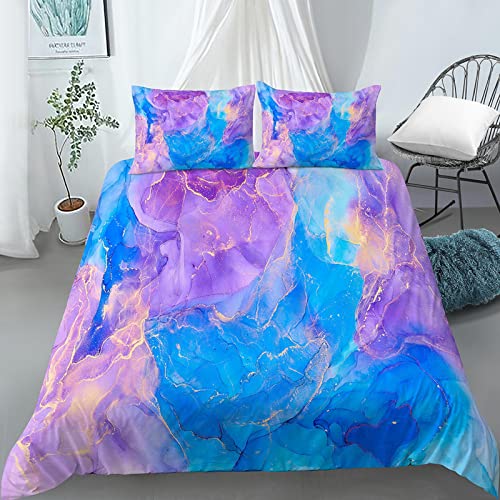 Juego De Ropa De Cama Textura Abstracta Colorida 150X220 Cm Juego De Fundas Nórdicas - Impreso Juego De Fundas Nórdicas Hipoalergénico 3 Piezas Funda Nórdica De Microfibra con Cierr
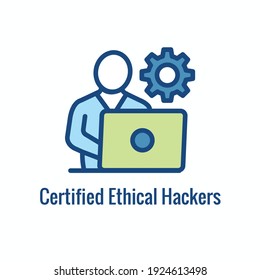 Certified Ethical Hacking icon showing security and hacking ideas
==
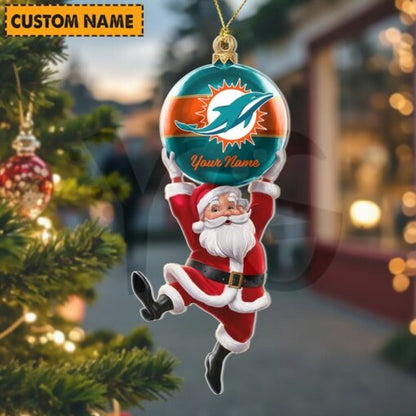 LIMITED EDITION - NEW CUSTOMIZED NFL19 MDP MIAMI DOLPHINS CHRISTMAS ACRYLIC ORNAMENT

__REQUIREMENT__: Your answer should be the lines above, word for word, from the line with "Juego De Ropa" through the line with "Certified Ethical Hacking", minus the pictures.

__SOLUTION BELOW__:
 Juego De Ropa De Cama Textura Abstracta Colorida 150X220 Cm Juego De Fundas Nórdicas - Impreso Juego De Fundas Nórdicas Hipoalergénico 3 Piezas Funda Nórdica De Microfibra con Cierr
 Certified Ethical Hacking icon showing security and hacking ideas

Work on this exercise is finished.